The first time didn't work. All new growth came up, turned splotchy, then  black and curling.
More leaf by leaf removal and more poison was required.

That was before none of the Moonflowers and dern few of the Caladiums came out. But I did notice in one of the pots we seemed to have some giant species of dahlia volunteering. We do have a whole section planted in pretty little pink "Patio Dahlias" from Parks Seed Company. I thought maybe the wind did a little transplanting but as the shaft started looking as big as Jack's stalk  and, setting largish bud,s I accepted the reality it was not going to be anything expected.  There in the midst of my pink , white and blue garden is this huge, deeply
red, 4 foot tall giant Dahlia. They could write a new  murder mystery over this bloody  thing.  It has remained only because it looks relatively healthy.


I took comfort in the thought the Hydrangeas were setting up for a big show this year. Some editing of the early growth had been required because of the fungi. Our Hydrangeas are  under a giant Oak so  they set later than ones that get more sun. I thought this was a good thing as the chemicals had been put out before most of the new growth had appeared.  I am sure you all know Hydrangeas are the litmus paper of the garden, showing out in either pink or blue depending on the soil PH.
Some years we put out amendments to make sure the blooms will be true blue, not a hint of lavender or Heaven forbid purple.


That can happen if your PH is balanced.
Which is unacceptable.
      

  Just a bit to the left of the begining of the  blue Hydrangeas is the final resting place of my mother's beloved Scottish Terrier. They were here when he died so he stayed in the garden with us. I will always remember my mother's angst over leaving him "behind". Not taking him  back to Florida with her was a painful decision. Necessary though. She had stood in the driveway by her car making me promise if I ever  moved away from the Pond I would bring Angus with me and  not leave him with strangers.  He has a St. Francis marker out there and is planted over in Lemon Balm. He, like many terrier breeds, had skin allergies so he was not always the best smelling dog. I have over the years fondly thought of him being scratch free and enjoying the crisp lemony scents. Not this year. Either the fungi, the fungicide, the drought or the combination has resulted in peaked looking, fragrance free  Lemon Balm.

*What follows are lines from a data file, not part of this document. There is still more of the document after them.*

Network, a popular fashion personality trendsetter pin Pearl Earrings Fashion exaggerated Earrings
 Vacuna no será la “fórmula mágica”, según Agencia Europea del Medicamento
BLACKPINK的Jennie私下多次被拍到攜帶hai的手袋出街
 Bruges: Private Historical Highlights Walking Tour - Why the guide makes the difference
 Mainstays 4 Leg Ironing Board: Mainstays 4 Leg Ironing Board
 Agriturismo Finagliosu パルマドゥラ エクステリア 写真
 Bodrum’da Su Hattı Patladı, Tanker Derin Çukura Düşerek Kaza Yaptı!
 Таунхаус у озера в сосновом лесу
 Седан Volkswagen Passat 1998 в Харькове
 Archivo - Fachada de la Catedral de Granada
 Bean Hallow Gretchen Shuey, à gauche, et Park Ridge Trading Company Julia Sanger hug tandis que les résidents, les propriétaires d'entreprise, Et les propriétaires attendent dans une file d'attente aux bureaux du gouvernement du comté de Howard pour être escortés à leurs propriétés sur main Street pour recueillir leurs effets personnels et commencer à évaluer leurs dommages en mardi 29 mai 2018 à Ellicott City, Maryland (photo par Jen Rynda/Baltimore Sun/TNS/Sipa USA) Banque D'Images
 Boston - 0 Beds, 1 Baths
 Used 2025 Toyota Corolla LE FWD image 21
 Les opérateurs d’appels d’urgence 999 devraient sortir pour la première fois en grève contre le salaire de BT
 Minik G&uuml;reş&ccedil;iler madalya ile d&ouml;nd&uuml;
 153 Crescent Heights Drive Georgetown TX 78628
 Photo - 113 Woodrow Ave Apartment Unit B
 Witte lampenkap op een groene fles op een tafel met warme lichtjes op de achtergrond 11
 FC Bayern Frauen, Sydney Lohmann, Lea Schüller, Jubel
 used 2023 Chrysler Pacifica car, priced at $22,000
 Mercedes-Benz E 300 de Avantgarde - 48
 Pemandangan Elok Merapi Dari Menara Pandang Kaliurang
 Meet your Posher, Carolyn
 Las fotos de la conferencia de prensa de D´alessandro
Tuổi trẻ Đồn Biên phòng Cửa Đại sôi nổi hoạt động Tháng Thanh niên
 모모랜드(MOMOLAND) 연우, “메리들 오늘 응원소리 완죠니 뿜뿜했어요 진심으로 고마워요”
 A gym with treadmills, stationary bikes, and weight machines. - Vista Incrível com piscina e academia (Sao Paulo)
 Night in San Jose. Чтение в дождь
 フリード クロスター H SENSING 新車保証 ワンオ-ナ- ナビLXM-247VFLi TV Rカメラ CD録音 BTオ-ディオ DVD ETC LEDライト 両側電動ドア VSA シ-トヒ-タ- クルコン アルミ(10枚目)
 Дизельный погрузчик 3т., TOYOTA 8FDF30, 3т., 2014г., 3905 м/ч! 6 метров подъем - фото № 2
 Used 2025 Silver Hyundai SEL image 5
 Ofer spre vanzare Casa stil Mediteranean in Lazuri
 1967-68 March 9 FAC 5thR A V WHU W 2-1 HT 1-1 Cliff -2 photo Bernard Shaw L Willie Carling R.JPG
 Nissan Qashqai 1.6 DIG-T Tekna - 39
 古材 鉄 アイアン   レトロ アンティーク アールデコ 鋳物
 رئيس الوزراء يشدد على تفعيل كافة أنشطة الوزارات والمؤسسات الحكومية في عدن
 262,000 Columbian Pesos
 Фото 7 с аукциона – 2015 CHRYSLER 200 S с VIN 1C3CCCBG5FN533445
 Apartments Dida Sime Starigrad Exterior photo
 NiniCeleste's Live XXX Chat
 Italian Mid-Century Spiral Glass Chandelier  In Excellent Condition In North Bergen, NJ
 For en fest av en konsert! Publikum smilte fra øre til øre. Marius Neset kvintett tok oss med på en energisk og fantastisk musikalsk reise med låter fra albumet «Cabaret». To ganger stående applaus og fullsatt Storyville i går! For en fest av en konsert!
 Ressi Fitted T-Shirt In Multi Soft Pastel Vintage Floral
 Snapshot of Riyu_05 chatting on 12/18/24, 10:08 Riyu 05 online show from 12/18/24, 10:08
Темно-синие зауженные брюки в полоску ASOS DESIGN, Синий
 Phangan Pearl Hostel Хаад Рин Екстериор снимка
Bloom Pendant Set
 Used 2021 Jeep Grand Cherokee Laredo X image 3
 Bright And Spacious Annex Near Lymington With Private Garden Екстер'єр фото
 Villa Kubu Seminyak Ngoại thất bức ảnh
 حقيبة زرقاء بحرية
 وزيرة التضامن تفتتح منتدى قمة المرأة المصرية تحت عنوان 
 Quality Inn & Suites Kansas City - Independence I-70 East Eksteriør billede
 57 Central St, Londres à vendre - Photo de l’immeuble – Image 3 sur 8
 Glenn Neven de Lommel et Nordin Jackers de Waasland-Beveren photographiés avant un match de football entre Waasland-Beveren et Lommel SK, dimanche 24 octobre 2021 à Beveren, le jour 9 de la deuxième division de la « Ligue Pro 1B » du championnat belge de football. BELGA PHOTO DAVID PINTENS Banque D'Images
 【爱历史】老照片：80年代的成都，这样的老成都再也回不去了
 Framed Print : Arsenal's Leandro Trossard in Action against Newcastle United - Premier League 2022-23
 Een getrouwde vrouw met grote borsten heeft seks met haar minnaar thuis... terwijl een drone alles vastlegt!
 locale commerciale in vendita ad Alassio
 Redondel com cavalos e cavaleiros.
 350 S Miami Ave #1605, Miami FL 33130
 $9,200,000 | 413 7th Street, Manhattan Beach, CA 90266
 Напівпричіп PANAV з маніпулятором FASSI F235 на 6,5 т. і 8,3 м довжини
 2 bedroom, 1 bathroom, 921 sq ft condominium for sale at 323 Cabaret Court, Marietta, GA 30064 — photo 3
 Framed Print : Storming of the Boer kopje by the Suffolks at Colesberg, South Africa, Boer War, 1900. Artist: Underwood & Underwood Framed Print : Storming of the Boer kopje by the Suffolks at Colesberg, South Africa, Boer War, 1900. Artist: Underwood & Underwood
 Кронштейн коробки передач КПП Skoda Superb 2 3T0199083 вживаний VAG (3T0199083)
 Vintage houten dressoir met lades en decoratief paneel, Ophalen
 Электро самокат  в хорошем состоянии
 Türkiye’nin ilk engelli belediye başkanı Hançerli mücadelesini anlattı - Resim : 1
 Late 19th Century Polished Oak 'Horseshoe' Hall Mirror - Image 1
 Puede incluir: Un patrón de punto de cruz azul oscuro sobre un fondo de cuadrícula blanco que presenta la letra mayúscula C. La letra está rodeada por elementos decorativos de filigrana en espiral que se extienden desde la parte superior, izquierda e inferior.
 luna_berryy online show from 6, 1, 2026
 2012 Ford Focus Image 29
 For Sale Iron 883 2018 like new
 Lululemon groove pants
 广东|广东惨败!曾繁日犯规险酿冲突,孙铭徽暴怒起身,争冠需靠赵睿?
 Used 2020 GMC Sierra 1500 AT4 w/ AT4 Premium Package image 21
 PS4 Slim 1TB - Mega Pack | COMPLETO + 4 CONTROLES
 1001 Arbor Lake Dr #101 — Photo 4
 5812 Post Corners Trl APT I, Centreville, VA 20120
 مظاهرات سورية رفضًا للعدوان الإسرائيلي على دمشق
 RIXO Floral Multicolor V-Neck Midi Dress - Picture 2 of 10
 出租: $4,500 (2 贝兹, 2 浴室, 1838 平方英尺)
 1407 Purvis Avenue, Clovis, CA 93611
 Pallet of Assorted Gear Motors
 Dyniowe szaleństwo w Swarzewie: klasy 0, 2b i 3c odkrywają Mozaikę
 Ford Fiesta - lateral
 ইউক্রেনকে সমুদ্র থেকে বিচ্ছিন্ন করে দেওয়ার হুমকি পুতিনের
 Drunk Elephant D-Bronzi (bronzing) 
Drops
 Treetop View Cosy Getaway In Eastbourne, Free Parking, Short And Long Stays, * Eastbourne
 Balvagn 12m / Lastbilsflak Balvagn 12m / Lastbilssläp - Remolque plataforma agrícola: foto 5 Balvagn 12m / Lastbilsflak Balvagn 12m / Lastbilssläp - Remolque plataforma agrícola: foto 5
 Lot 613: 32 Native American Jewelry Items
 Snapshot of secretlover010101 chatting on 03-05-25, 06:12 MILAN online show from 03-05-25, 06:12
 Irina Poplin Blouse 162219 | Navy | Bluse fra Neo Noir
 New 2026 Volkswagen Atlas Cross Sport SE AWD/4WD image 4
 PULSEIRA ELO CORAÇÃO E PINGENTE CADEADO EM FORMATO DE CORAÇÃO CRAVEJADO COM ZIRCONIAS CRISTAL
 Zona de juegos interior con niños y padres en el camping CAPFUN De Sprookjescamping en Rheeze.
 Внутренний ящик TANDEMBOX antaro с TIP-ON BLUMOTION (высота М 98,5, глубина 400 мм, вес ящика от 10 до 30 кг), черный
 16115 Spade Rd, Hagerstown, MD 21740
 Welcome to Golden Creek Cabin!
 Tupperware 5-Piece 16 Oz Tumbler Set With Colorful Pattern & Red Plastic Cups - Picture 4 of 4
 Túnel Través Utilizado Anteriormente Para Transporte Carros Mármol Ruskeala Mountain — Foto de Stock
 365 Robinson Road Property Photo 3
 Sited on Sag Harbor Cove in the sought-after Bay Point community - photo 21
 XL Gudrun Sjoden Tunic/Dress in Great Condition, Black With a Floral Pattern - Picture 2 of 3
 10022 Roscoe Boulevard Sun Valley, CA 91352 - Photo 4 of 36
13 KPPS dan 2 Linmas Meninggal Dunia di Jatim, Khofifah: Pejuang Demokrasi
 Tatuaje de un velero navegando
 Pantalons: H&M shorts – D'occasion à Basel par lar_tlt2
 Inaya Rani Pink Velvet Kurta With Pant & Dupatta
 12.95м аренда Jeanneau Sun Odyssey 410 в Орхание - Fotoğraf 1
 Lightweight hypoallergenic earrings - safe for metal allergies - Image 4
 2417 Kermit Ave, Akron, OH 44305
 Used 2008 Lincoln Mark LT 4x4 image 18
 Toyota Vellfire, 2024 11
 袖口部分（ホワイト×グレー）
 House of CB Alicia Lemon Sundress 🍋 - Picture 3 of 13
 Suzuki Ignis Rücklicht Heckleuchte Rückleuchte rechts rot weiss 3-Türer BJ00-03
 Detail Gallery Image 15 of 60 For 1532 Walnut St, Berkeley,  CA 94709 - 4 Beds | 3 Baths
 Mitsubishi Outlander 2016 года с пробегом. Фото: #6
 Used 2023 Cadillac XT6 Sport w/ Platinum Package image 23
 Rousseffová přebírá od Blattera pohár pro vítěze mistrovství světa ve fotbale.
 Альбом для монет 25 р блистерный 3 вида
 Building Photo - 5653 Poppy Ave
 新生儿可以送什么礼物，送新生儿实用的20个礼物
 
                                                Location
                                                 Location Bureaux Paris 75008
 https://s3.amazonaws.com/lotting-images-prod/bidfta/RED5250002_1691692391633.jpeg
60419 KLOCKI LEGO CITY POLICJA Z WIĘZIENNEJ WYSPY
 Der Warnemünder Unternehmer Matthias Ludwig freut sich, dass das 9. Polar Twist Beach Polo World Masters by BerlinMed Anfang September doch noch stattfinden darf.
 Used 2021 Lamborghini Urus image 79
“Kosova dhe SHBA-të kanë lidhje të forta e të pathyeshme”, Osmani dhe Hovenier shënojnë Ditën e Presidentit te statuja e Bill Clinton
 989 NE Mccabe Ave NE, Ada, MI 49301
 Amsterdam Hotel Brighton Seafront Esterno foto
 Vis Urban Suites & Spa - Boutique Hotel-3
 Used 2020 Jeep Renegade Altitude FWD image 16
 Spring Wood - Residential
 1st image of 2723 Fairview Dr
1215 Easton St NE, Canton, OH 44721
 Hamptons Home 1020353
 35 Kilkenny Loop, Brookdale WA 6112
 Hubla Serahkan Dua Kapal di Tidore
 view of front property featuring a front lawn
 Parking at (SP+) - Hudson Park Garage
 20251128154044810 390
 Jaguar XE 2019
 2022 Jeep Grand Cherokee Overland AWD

  I shrugged off the worries about this and tried to keep focused on how bountiful the Hydrangeas were looking. When the blooms first start they are a lime green. Then they start showing color along the  perimeter before filling in with a uniform blue. This year they started filling in purple.  It is out of the question for there to be purple in my garden. Especially not adjacent to the resting place of my mothers dog.
There has never been on this Earth a human with a deeper seated loathing of the color purple than my mother.
Think of it as a violent allergy. No purple allowed is a rule all of us kids honor and respect.

 Until now.

I consulted with the extension people and yes the fungicide can change the soil PH and usually any amendments for  bloom color  must happen early in the season and blah-blah.  I tried what they recommended and kept an eye out for changes. We got them . Dark purple instead of red grape purple.
 Most mornings I start my day in the garden with a cup of tea. I wander around, listening to the birds singing their morning songs and enjoy the garden. Lately I walk outside and think "I'm so sorry Mom".  Today

                                                           I put an end to my misery . 




                                                            Bye Bye Purple Horror!


                    Then I went to lay in my broken hammock which Blowfish " fixed " for me.

                                                                              
I can swing in my hammock and just about ignore
the unplanted ferns around the Chinese Fringe Tree
Unplanted because the ground is baked into a brick
and I cannot did holes deep enough to plant the ferns.
So I must wait for Blowfish to come to my aid
with the gas powered auger.

                                                                         
                                         Pray the hammock will not break with me aboard !

Wednesday, June 8, 2011

Cereal Aisle Gossip

I ran into Phyllis in the cereal aisle today.
I haven't seen her in about a decade .
She looks great, pretty much the same at 70 as she did at 60.
She and Fitz sold their home of 40 years and downsized to a patio home with no maintenance. Which explains why she was suddenly shopping in our neck of the woods.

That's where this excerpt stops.